Tuesday, November 1, 2011

From DNA to Protein, Introduction


                 Many of my previous posts have discussed work with individual proteins.  In the case of Diabetes mellitus, the importance of insulin was paramount.  In the Spanish Influenza series, I focused heavily on the protein hemaglutinin.  Thiaminase I took center stage in my mini-series on Australian vitamins while Taq polymerase was key to the polymerase chain reaction in An Extreme Solution.

                How do we know these things about individual proteins?  Well, they were isolated from the rest of cells and studied individually.  

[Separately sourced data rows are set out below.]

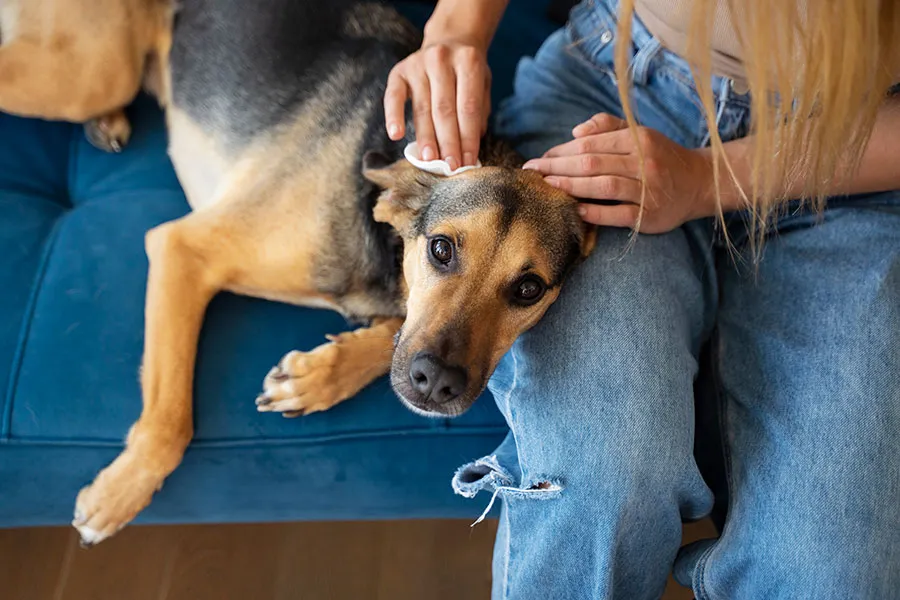 Perro Alérgico a las Pulgas - Síntomas, Tratamiento y Prevención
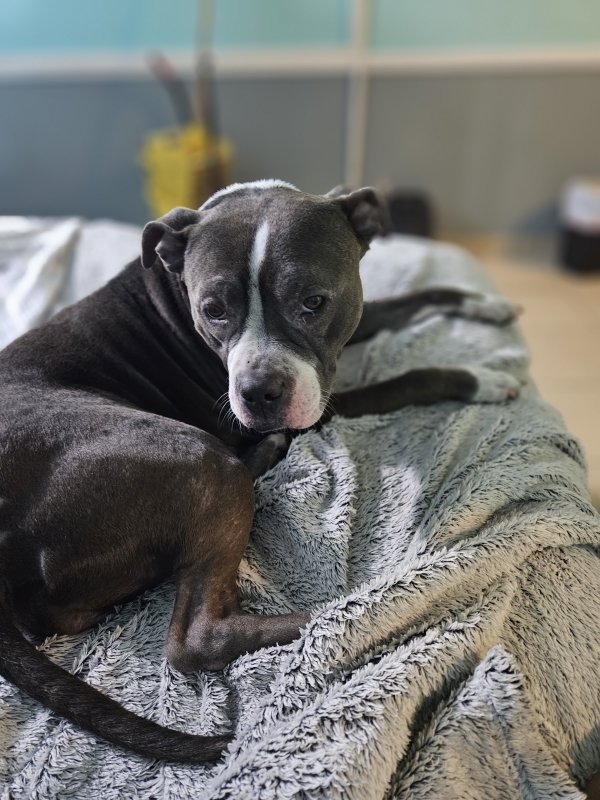 Safe Pit Bull in Las Vegas, NV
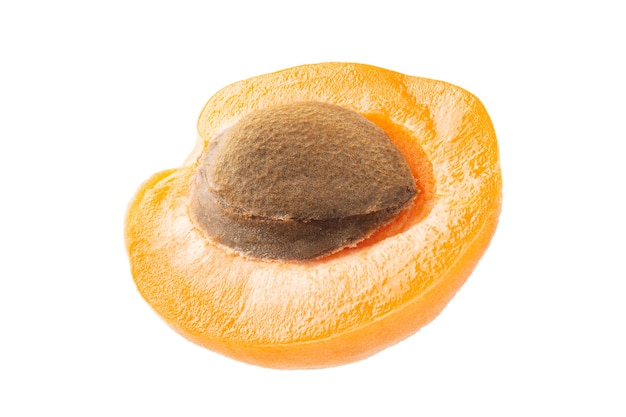 Half apricot with bone isolated on white background. With full depth of field.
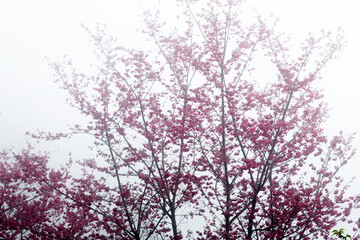 Fototapeta na wymiar Cherry flower with fog in the garden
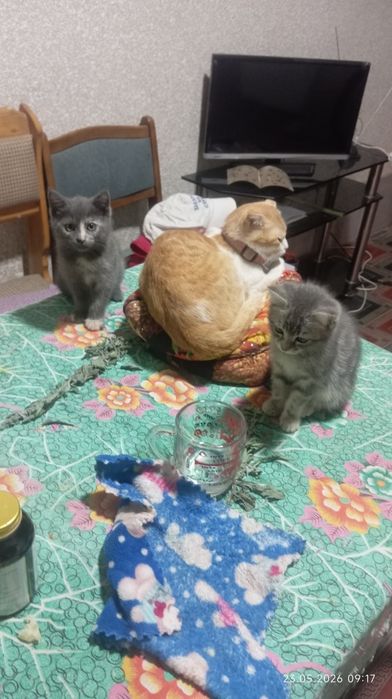 Британский кошка продается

                How do you go about isolating a one protein from the soup of proteins available within the cell?  Ah.  This is what my next few posts are going to focus on.  These steps are commonly referred to protein expression and purification.  What I plan to cover is the most straightforward way to isolate protein, but should not be considered the only way to do so or even to study individual proteins.  Scientists have all sorts of tricks in their bags!

                Protein expression and purification is broken into three steps (Figure 42.1):

Step One: Cloning/DNA preparation.  The necessary DNA is represented by the circle.

Step Two: Bacterial growth/expression.  The bacteria (gray boxes) with our protein of interest inside (red triangles) are shown.

Three: Protein Purification.  Eventually we just want our protein (red triangles) away from everything else.




                In Figure 42.1, I’ve given you a pictorial overview of where we are going.  It’s not supposed to make sense right now.  However, I hope at the end of this series, it will make a lot of sense!

                Several layers of understanding exist for explaining the above steps.  Obviously I understand down to the extreme nitty-gritty, which is probably way more than any of you would like to know.  It is also quite easy to get lost in the details and confuse everyone with what I’m discussing.  For these reasons, I’m planning on breaking each post into two parts: the first part will fall under the EASY category and discuss very plainly what is going on; the second part will be more INTERMEDIATE/DIFFICULT and will discuss the same ideas as the first part, but in more detail and with more scientific considerations in mind.  Whether you read one or both parts is completely up to you!  I also won’t dive all the way down to the all minutiae so ask any questions you wish!